Review by Andrew Bloom

South Park: Season 16

16x05 Butterballs

[7.2/10] This episode is a real mixed bag, with the good outweighing the bad, which comes through in both parts of the episode.

The Butters portions are mostly quite well done. I love the sideways premise that Butters’s bully -- the one who’s making his life a living hell -- turns out to be his ostensibly sweet grandmother. The idea of a kindly old lady acting like a mean fifth grader to her grandson is one of those oddball South Park scenarios that generates humor from the situation alone.

But to be honest, Butters’s grandmother was so cruel that it became uncomfortable at times, particular the fork-stabbing stuff. Far be it from me to criticize South Park for getting too real, but I’d have preferred it if Butters’s grandmother stuck to absurd bullying tactics like dressing up in a Prof. Chaos-style outfit of her own and giving Butters “gummy bears” than things that feel closer to real life abuse.

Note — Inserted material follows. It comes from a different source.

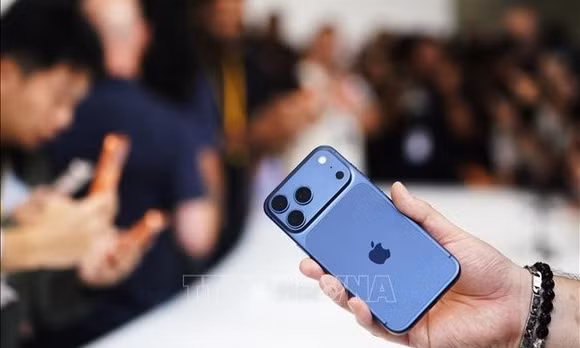 Apple tăng tốc cuộc đua AI trên smartphone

That said, I thought Butters’s moment of clarity and speech to his grandmother at the end was really well done and effective. Bullying is a complicated issue, and the way the show brushes some of it off is a little eh, but I really like Butters’s realization that it won’t last forever, and that the best revenge is living well. It’s heartening, even inspiring stuff from a not very sentimental show.

Stan’s portion of the episode is a lot more of a mixed bag. Some of the individual gags are great. Even though the anti-bullying video the show was parodying at the time has faded into obscurity, the visual creativity of the lip dub still wins the day (especially with the setup and payoff of Cartman’s complaints about modern pop), and the irony of a song entitled “Let’s Make Bullying Kill Itself” is very funny.

But the story itself spins out pretty quickly. For one thing, the “Kony 2012” parody stuff feels super dated just a few years later, and it feels too specific and tied to that particular event to be a more general satire of people taking up causes for personal aggrandizement. The bits with anti-bullying people bullying others about anti-bullying is a funny bit of recursive comedy, and the escalating series of gags of people confronting one another in the bathroom is a good gag, but the episode runs both into the ground. (Though I got a kick out of the idea that hell is a form of bullying.)

The stuff with Stan didn’t really go anywhere, mostly serving as a kind of amorphous support system for the disconnected gags. That said, I just die laughing every time at the fake San Diego tourism video, which works entirely divorced from its original context as just a silly piece of absurdism. Damn if that tune doesn't get caught in your head and dredged up every time someone mentions San Diego.

Overalll, there’s a lot of good stuff in this one, it’s just not as tight or well-built as some other South Park episodes.